### Extracted data

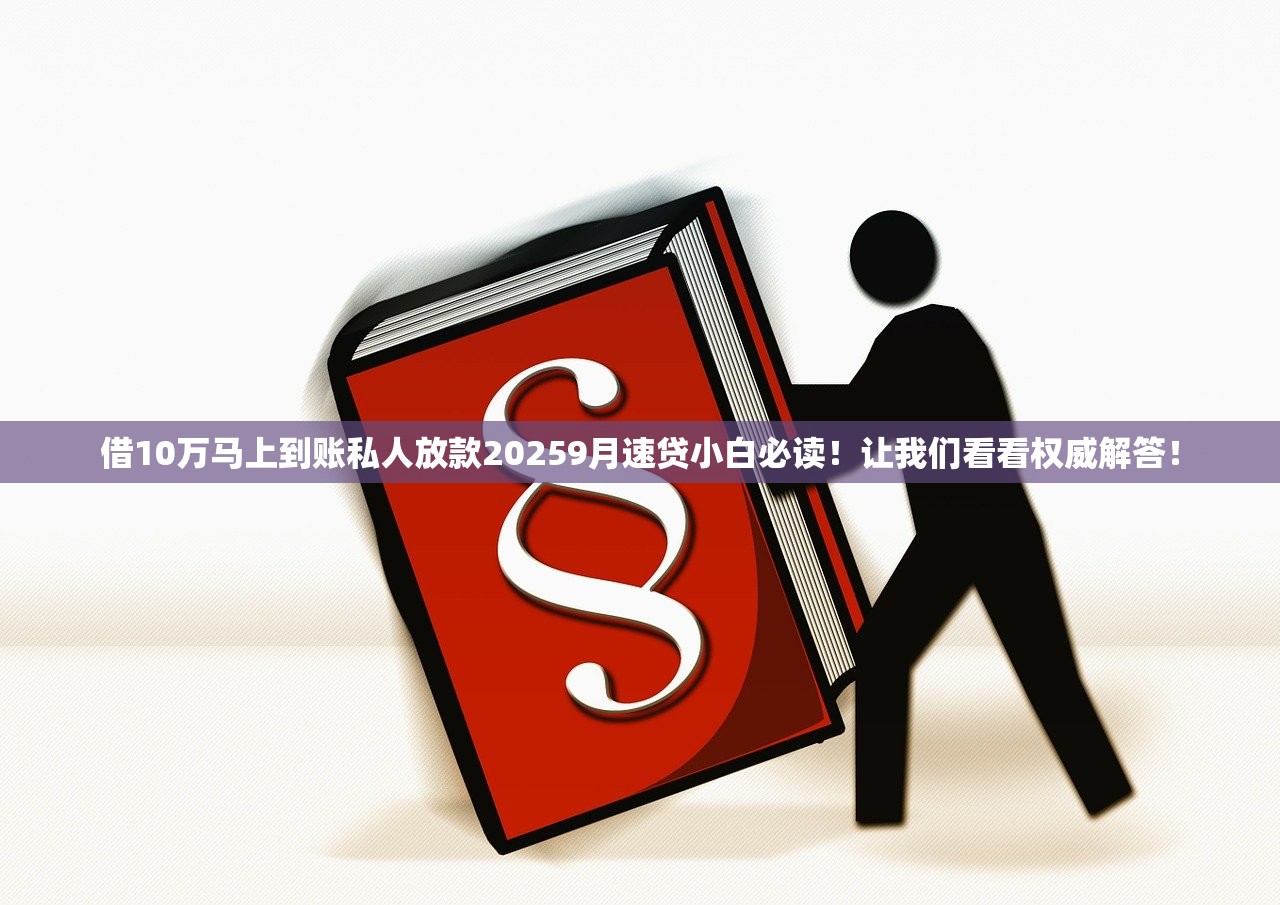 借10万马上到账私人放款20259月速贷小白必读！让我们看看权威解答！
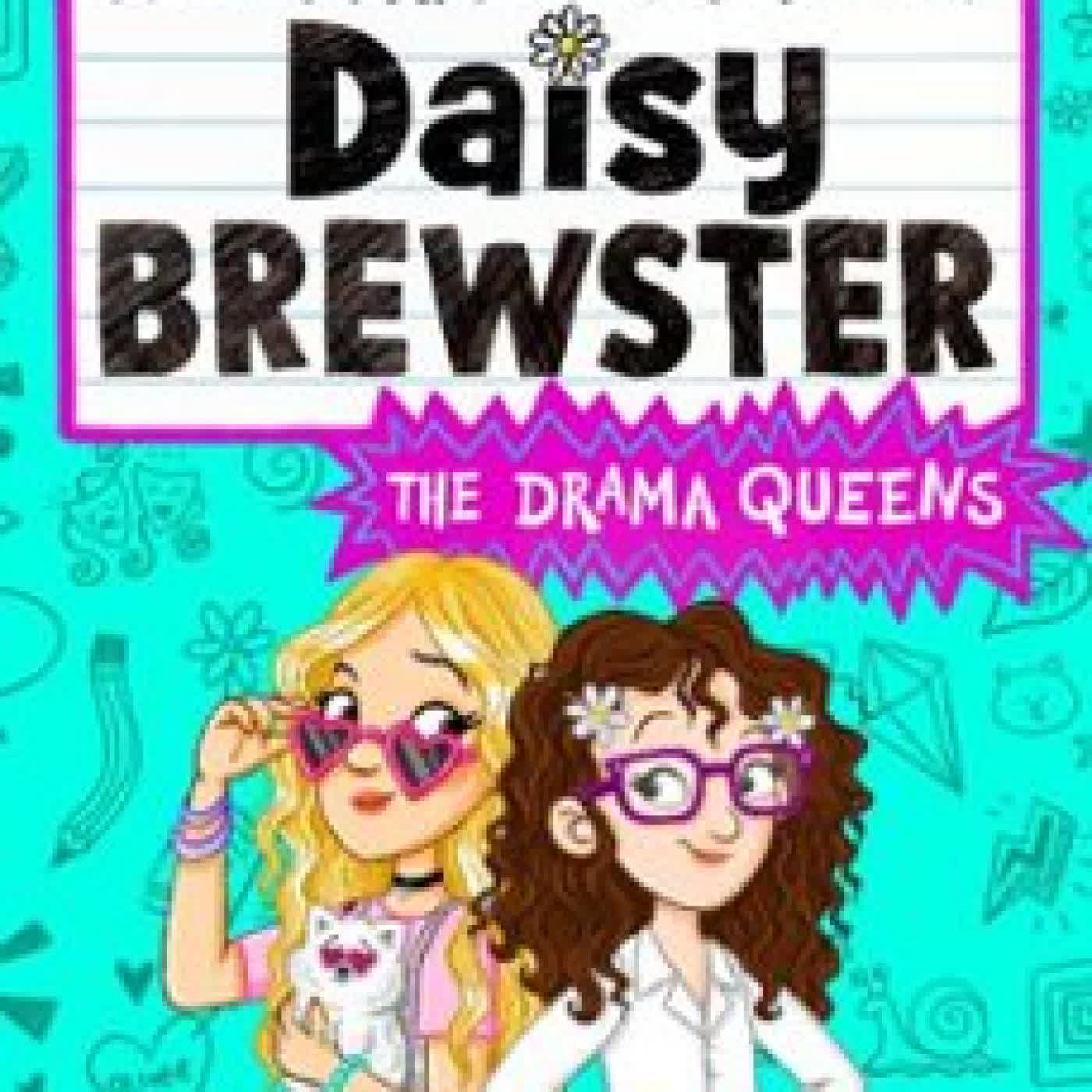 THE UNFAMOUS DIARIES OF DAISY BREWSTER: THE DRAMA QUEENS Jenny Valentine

######
### Extracted data

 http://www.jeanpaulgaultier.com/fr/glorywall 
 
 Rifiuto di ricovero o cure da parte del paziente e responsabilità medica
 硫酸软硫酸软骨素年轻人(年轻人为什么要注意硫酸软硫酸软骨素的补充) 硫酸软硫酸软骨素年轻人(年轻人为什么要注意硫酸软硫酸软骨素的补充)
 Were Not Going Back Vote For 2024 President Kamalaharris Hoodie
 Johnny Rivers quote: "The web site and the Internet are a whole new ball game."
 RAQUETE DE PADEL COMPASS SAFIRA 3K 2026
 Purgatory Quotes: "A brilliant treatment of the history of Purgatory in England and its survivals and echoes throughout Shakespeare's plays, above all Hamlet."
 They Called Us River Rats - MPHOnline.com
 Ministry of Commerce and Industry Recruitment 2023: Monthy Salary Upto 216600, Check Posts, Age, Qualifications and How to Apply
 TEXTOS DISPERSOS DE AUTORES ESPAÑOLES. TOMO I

######

Your task:
Return the lines above from the one with "借10万马上到账私人放款20259月速贷小白必读！让我们看看权威解答！" through the one with "THE UNFAMOUS DIARIES", verbatim and nothing else. Omit every picture.

Exercise response:
 借10万马上到账私人放款20259月速贷小白必读！让我们看看权威解答！
 THE UNFAMOUS DIARIES OF DAISY BREWSTER: THE DRAMA QUEENS Jenny Valentine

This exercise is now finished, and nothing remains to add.